Put Your Soul on Your Hand and Walk (FR/PS, 2025)
Directed/Director | Screenplay | Cinematography by Sepideh Farsi
“Putting my soul on my hand is my response – as a filmmaker – to the ongoing massacre of Palestinian women and men. My encounter with Fatem Hasson was a miracle. She became my eyes in Gaza, where she resisted and documented the war, and I became the fireplace between her and the world from her “prison in Gaza,” as she called it. We maintained this connection for almost a year. The snippets of sounds and pixels we exchanged became the film you watch.”
Bajo las banderas (PY/AR/US/FR/DE, 2025)
Directed by Juanjo Pereira
Through rare and long-forgotten footage, this documentary reveals the hidden mechanics of Alfredo Stroessner’s dictatorship in Paraguay – one of the longest-lasting regimes in history. From propaganda to international broadcasts, the film reveals how the media shaped power, controlled memory
and built a legacy that endures to this day.
The Flats (FR/BE/IE/UK, 2024)
Directed by Alessandra Celesia
In his flat in a New Lodge apartment block, Joe relives his childhood memories in the midst of “The Troubles”. In this Catholic part of Belfast, the death toll was tragically high. Joe is joined by neighbours Jolene, Sean, Angie and others who volunteer to take part in the process of reliving the collective memories that have shaped their lives and the neighbourhood in which they live.

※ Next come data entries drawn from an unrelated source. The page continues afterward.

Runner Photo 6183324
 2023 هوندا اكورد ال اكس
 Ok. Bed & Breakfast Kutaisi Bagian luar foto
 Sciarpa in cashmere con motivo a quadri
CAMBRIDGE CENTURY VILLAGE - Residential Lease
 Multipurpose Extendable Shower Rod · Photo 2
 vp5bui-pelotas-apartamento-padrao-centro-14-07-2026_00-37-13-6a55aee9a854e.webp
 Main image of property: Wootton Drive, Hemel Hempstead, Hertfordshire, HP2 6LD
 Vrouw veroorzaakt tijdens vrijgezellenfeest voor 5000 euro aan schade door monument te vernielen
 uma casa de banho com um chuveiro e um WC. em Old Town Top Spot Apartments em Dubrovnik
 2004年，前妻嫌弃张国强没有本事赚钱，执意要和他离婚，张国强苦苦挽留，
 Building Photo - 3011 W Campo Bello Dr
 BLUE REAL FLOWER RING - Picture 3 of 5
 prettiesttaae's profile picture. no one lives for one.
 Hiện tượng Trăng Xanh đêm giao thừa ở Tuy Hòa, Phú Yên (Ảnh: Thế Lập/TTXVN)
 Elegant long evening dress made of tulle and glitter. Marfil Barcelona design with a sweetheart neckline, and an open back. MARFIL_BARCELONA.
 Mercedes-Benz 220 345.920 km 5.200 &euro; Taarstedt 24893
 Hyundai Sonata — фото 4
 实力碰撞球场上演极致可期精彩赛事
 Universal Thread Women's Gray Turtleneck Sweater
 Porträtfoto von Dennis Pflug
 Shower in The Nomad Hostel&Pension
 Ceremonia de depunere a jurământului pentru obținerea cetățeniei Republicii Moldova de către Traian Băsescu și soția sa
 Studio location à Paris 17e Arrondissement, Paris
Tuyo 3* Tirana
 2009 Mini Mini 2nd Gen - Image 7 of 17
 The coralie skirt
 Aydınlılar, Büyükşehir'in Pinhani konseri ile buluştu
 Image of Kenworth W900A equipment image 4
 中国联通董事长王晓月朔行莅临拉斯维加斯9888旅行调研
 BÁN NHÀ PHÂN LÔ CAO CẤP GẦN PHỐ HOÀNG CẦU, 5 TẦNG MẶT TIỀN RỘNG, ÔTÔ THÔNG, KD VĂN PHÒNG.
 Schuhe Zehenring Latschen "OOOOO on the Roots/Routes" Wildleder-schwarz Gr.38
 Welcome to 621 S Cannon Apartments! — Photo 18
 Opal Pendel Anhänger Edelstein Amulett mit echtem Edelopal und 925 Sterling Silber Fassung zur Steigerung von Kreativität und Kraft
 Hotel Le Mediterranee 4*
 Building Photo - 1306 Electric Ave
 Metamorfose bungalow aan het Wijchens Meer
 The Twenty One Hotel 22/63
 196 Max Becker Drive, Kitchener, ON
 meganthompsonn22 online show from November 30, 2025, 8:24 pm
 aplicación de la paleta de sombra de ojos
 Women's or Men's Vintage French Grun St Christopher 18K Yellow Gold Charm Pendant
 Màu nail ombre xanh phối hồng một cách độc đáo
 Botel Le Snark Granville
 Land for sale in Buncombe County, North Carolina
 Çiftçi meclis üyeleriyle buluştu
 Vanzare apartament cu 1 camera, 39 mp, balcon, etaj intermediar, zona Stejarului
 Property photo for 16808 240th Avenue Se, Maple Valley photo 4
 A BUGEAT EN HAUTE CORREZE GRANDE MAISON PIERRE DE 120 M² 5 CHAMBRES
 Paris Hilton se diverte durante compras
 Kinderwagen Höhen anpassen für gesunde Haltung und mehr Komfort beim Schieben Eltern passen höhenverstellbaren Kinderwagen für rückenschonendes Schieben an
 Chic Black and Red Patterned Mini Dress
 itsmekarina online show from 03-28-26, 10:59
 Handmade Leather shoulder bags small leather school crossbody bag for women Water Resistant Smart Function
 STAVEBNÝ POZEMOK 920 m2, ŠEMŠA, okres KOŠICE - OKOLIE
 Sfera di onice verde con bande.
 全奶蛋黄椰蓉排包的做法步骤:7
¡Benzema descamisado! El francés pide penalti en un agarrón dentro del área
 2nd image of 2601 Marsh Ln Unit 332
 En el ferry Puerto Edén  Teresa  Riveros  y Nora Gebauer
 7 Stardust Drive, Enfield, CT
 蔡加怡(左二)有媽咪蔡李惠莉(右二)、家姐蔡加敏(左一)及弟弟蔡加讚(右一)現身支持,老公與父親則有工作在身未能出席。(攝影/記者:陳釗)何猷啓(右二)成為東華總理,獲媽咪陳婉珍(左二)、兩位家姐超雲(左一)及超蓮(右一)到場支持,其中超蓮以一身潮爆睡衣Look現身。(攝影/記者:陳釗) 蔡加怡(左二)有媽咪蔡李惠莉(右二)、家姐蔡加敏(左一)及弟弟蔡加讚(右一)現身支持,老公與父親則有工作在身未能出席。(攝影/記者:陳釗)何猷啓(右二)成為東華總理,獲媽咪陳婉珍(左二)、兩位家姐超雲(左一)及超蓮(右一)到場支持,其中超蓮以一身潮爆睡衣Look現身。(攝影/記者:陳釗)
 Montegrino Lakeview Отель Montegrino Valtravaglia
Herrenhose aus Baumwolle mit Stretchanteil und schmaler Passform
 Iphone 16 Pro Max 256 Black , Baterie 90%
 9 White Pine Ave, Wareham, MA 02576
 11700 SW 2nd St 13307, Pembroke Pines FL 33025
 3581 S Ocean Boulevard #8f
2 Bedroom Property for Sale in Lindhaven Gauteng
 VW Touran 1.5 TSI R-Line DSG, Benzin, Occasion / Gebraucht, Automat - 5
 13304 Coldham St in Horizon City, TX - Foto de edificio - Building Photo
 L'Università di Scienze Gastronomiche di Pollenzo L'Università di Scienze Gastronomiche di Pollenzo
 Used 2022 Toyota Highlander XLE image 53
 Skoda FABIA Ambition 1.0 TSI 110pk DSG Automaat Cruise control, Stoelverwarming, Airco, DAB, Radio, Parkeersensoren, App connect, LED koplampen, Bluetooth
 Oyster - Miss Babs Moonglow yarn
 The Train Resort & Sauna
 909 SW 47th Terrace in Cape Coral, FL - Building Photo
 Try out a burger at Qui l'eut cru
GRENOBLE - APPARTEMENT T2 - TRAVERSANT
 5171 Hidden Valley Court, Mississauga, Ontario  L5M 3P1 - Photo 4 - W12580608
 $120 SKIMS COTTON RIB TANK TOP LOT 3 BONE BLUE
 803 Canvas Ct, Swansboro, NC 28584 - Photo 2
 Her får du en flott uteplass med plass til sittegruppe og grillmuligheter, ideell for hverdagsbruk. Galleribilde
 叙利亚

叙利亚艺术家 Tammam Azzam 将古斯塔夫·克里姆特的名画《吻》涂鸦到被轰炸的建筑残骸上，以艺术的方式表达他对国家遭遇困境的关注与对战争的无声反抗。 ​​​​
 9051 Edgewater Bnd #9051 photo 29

The Sense of Violence (KR, 2025)
Directed by Kim Mooyoung
The film traces the trajectory of cinema by revealing specific connections in the historical context of “anti-communist art” during Park Chung-hee’s regime (1970s). The censorship of anti-communist film images by the Korean Central Intelligence Agency symbolically reveals the presence of power and ideology in the space between image and reality during Park’s regime. The images reproduced by power through ideology depict reality, but paradoxically interfere with it. For example, scenes of massacres, which appear almost as clichés in anti-communist films, affect the reality experienced by the families of the victims of massacres, but are often forgotten. The film also reflects on those who create these images. What role do the filmmakers play between power and ideology? Creators can work with power to create images that serve the ideology demanded by those in power. At other times, they may passively document the images they observe, seemingly outside the sphere of power. However, even these seemingly disinterested images are shaped by the pervasive influence of power within a larger hierarchical structure.